WORK TASK: Begin at the line below that has "静岡県伊東市八幡野 1380万円" and stop after the line that has "GEL-KAYANO 14 CREAM". Please restate only those lines, word for word.

SOURCE DATA:
§ §

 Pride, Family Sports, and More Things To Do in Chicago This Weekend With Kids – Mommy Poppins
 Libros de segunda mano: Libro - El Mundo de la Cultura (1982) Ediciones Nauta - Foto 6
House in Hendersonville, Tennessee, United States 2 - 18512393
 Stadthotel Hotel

§ §

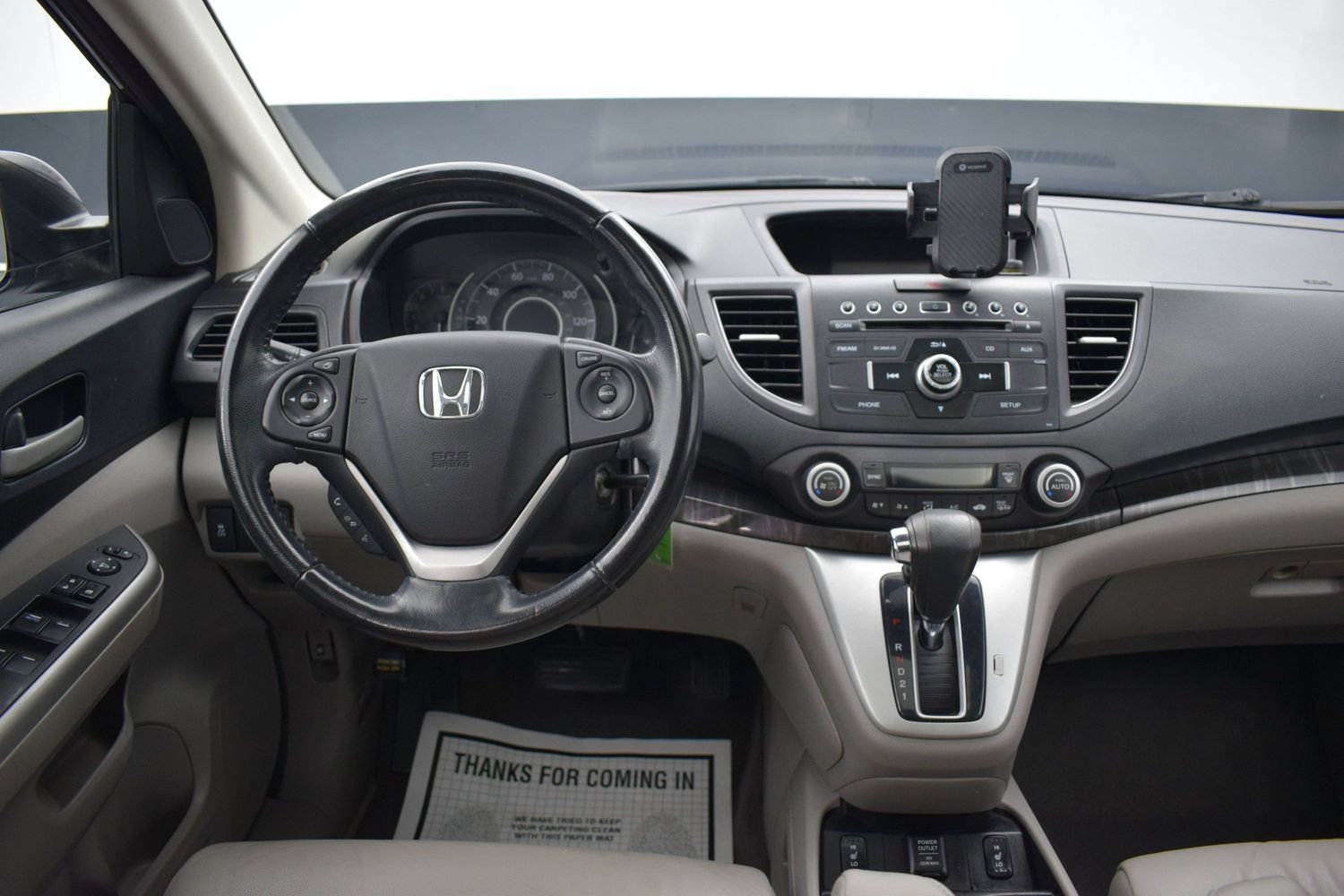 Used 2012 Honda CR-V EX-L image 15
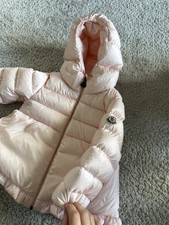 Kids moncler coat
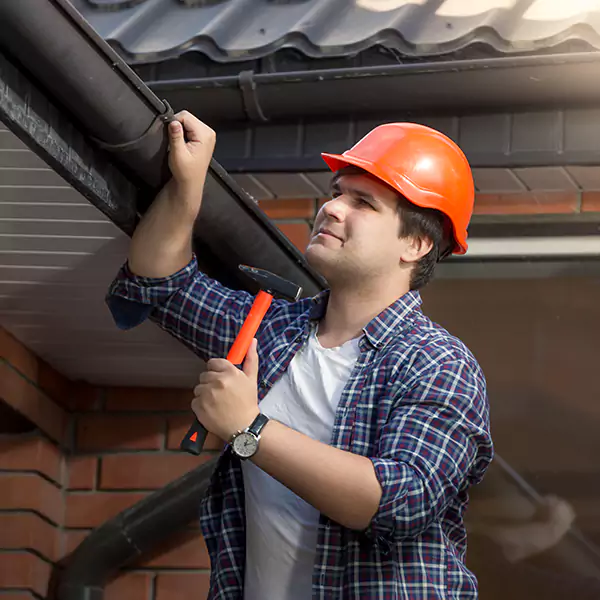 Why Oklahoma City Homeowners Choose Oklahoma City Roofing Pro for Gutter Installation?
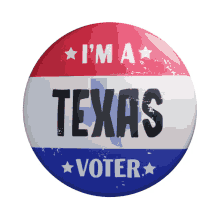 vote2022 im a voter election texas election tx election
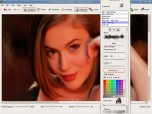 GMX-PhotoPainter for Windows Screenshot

§ §

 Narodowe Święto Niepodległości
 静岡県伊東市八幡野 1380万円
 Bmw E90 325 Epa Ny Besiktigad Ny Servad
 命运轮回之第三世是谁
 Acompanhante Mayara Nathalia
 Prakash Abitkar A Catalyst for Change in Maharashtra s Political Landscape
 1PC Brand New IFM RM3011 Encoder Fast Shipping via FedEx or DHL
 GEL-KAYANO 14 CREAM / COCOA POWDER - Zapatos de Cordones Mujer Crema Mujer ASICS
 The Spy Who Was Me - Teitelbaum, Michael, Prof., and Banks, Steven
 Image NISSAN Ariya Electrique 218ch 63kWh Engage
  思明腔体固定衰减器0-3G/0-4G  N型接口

§ §

COMPLETED TASK:
 静岡県伊東市八幡野 1380万円
 Bmw E90 325 Epa Ny Besiktigad Ny Servad
 命运轮回之第三世是谁
 Acompanhante Mayara Nathalia
 Prakash Abitkar A Catalyst for Change in Maharashtra s Political Landscape
 1PC Brand New IFM RM3011 Encoder Fast Shipping via FedEx or DHL
 GEL-KAYANO 14 CREAM / COCOA POWDER - Zapatos de Cordones Mujer Crema Mujer ASICS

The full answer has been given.